§ ACTIVITY
Would you repeat the whole listing exactly, pictures excluded?
INFORMATION SUPPLIED START
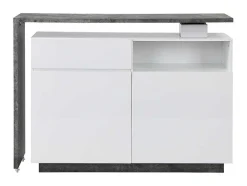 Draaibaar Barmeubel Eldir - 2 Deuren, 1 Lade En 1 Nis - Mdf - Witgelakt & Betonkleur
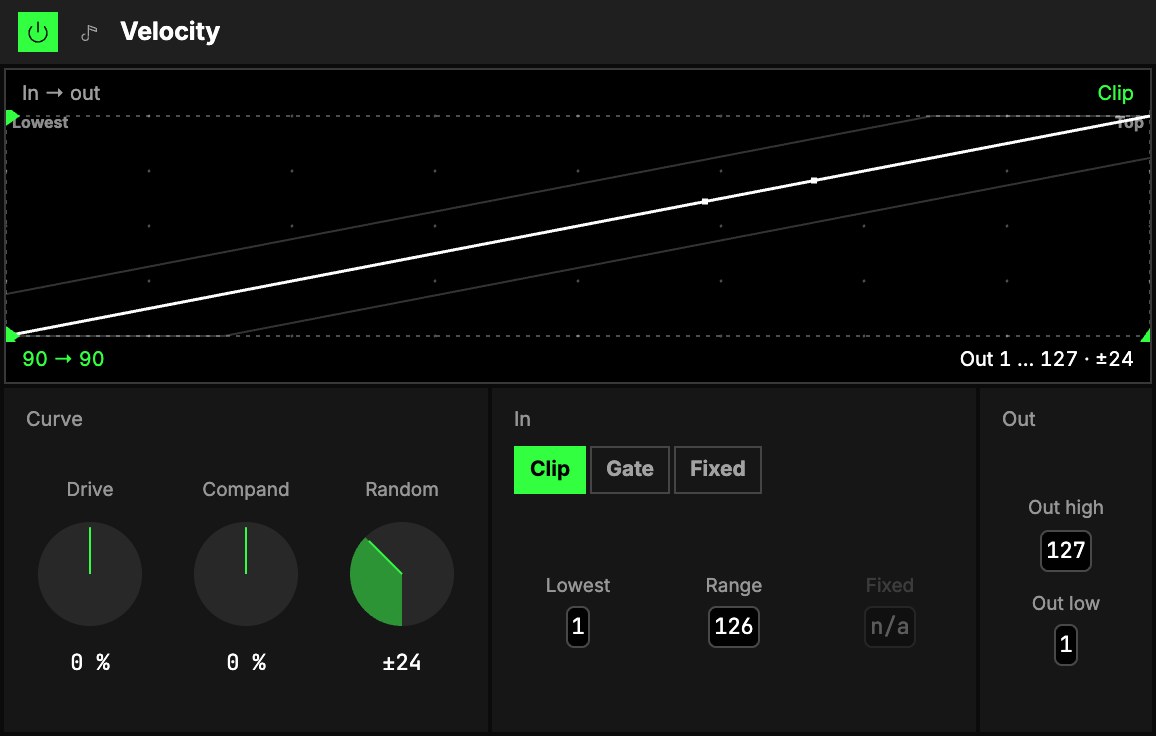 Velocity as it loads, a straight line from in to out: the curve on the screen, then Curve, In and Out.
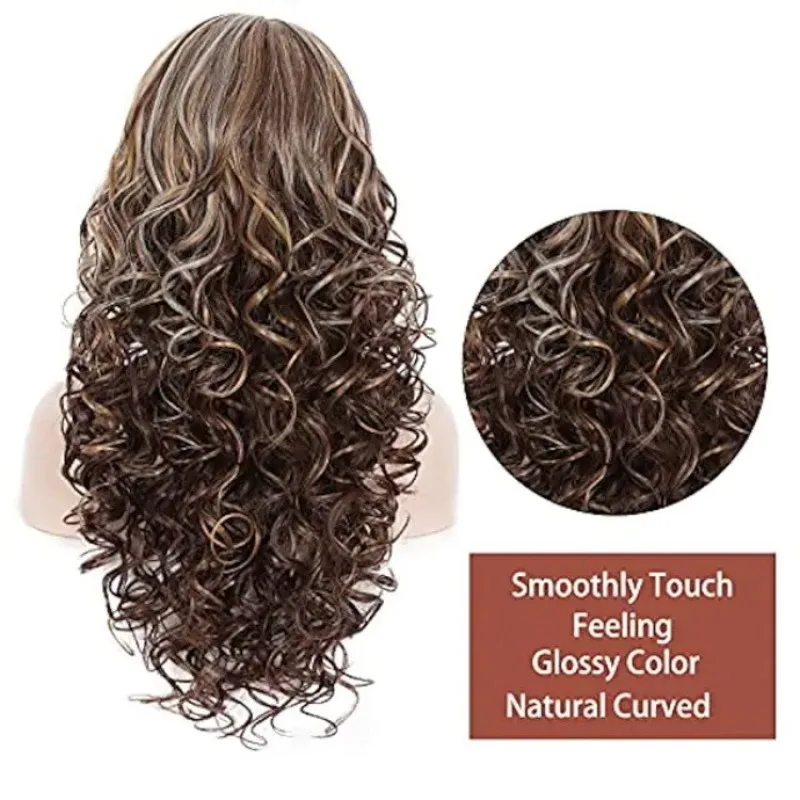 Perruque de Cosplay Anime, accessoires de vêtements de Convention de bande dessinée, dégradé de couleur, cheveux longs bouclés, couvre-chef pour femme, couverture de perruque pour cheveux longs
INFORMATION SUPPLIED END
§ YOUR SOLUTION
 Draaibaar Barmeubel Eldir - 2 Deuren, 1 Lade En 1 Nis - Mdf - Witgelakt & Betonkleur
 Velocity as it loads, a straight line from in to out: the curve on the screen, then Curve, In and Out.
 Perruque de Cosplay Anime, accessoires de vêtements de Convention de bande dessinée, dégradé de couleur, cheveux longs bouclés, couvre-chef pour femme, couverture de perruque pour cheveux longs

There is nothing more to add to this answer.